Cornille Lecture with Jane Kamensky
Historian Jane Kamensky explores the life and art of the painter John Singleton Copley (1738-1815) in the geopolitical context of his times. Copley's era was punctuated by almost ceaseless imperial warfare, including the Seven Years War, the Napoleonic wars, and two bloody conflicts between Britain and North America, the first of which we in the United States call the American Revolution. Those wars—and indeed the age of Atlantic revolutions—look different through Copley's eyes. Copley's art, in turn, looks different when its broader contexts are recovered.

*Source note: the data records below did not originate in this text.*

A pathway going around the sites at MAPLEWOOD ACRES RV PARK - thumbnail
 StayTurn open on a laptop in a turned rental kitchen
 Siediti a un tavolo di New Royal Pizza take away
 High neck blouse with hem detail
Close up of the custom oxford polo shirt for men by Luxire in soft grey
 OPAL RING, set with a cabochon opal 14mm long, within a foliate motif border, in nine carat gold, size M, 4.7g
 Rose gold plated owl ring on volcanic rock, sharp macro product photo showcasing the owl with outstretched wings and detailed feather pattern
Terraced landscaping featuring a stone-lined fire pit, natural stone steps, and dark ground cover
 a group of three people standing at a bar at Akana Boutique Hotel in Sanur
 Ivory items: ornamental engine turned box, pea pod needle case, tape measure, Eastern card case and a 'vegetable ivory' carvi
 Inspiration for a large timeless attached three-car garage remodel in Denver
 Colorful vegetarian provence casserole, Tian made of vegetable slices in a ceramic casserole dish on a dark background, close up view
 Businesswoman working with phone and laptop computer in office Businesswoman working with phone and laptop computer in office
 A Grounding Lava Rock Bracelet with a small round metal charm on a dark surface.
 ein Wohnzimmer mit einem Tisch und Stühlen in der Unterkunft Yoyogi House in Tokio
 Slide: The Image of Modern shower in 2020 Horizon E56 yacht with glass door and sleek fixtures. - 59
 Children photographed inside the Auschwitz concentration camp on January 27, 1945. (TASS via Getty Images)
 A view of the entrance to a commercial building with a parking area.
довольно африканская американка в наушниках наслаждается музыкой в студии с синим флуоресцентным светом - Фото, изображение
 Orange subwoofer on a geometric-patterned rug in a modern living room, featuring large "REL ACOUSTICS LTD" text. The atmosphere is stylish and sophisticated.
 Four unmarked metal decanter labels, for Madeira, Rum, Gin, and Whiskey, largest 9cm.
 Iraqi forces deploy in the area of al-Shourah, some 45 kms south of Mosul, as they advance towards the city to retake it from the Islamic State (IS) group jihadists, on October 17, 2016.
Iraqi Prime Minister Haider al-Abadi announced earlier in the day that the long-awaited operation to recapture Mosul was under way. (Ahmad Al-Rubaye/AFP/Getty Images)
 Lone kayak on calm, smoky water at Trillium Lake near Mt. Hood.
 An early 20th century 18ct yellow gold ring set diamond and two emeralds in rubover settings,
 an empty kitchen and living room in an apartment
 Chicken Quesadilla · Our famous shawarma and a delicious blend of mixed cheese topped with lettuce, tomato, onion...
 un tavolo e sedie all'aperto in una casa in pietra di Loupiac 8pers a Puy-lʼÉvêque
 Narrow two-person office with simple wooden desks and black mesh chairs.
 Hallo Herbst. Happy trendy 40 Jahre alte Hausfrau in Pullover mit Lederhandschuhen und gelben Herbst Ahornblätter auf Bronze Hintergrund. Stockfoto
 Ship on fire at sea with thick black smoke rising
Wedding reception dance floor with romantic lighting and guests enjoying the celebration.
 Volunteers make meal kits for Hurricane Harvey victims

Jane Kamensky earned her B.A. and Ph.D. in History from Yale University, and has taught at Brandeis since 1993. She offers courses in colonial American history, women's and family history, and the writing of history; courses that have been recognized with a university-wide award for excellence in teaching. Her scholarship has been supported by grants from the Andrew W. Mellon Foundation, the National Endowment for the Humanities, the Charles Warren Center for Studies in American History at Harvard University, the American Council of Learned Societies, the Pew Charitable Trusts, and the Radcliffe Institute of Advanced Studies.
Jane Kamensky is the Wellesley College Mary Cornille Distinguished Visiting Professor in the Humanities and the Harry S. Truman Professor of American Civilization at Brandeis University.